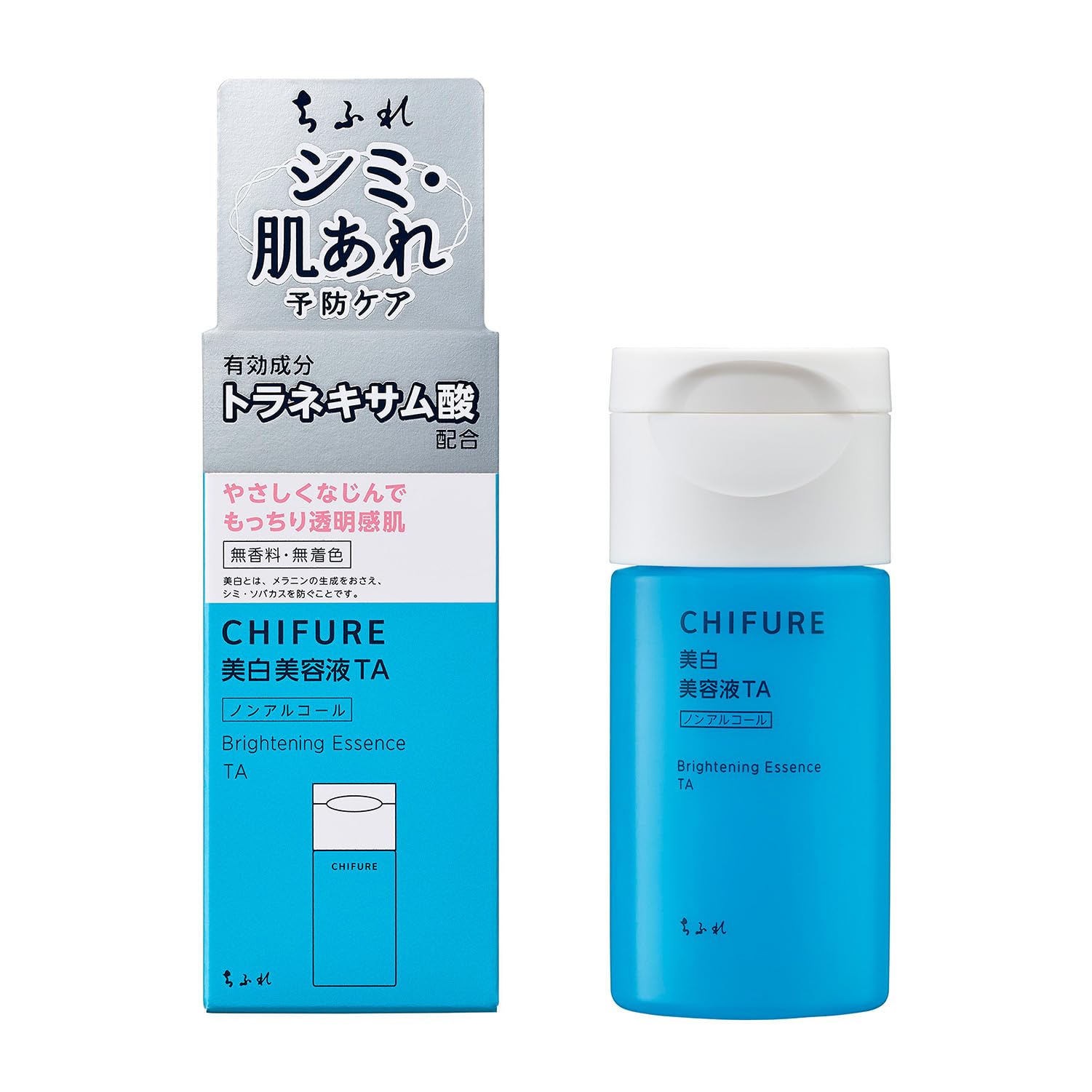 

Квази-лекарство Chifure Отбеливающая эссенция TA - Осветляющая сыворотка для сияющей кожи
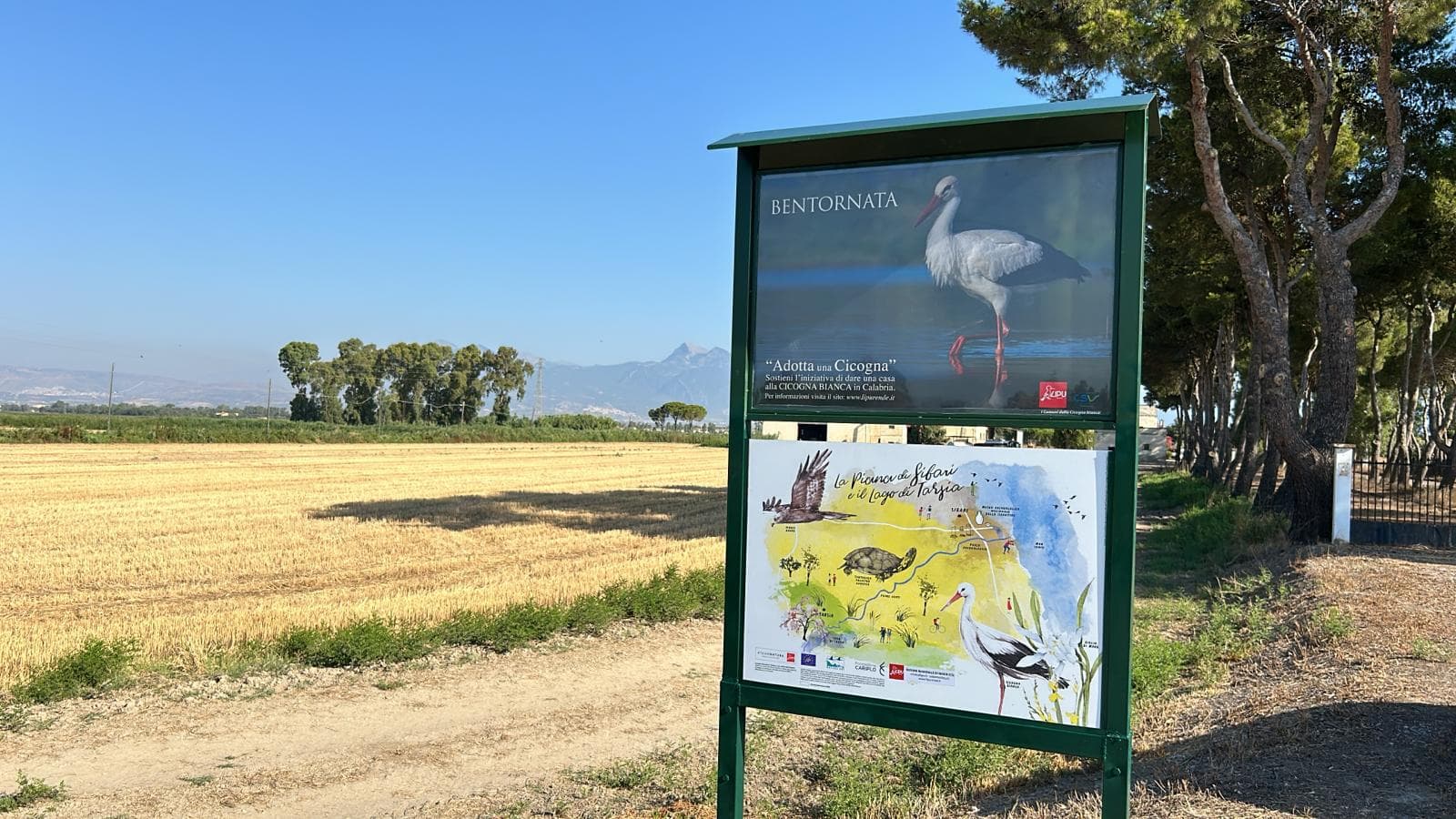 Avviata una collaborazione tra Lega Italiana Protezione Uccelli e le aziende risicole della Sibaritide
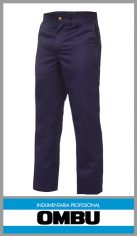 Pantalon Ombú ropa de trabajo Azul Marino talles 38/60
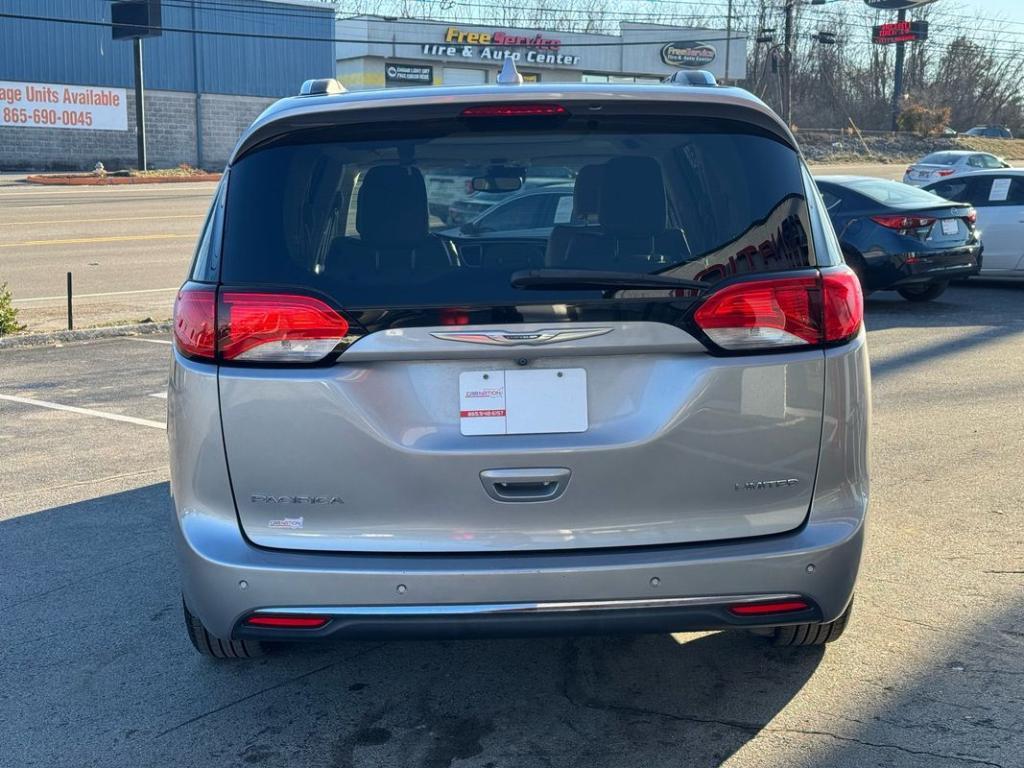 used 2017 Chrysler Pacifica car, priced at $14,999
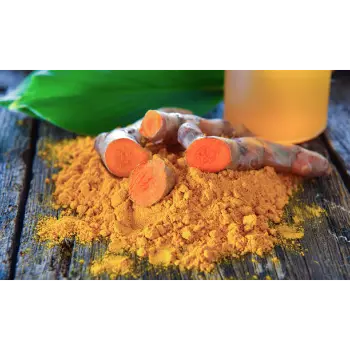 Common Turmeric Spent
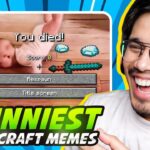 FUNNIEST MINECRAFT MEMES EVER ! 😂 ft. Lilyville Gang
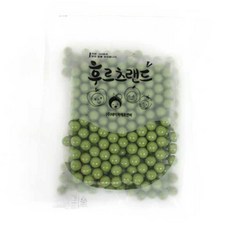 이홈베이킹 샤이니볼 케익장식 녹차 대, 500g, 1개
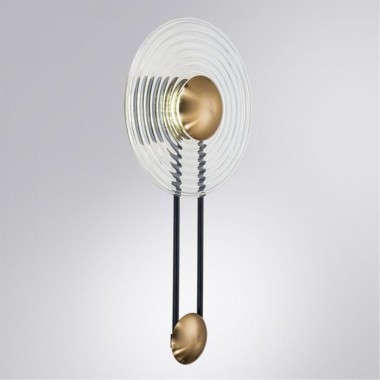 Бра Arte Lamp Biscotto A2640AP-1GO &mdash; svetrussia.ru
---
Since the pictures are not wanted, repeat only the rest of the material, exactly as given.

Квази-лекарство Chifure Отбеливающая эссенция TA - Осветляющая сыворотка для сияющей кожи
 Avviata una collaborazione tra Lega Italiana Protezione Uccelli e le aziende risicole della Sibaritide
 Pantalon Ombú ropa de trabajo Azul Marino talles 38/60
 used 2017 Chrysler Pacifica car, priced at $14,999
 Common Turmeric Spent
 FUNNIEST MINECRAFT MEMES EVER ! 😂 ft. Lilyville Gang
 이홈베이킹 샤이니볼 케익장식 녹차 대, 500g, 1개
 Бра Arte Lamp Biscotto A2640AP-1GO &mdash; svetrussia.ru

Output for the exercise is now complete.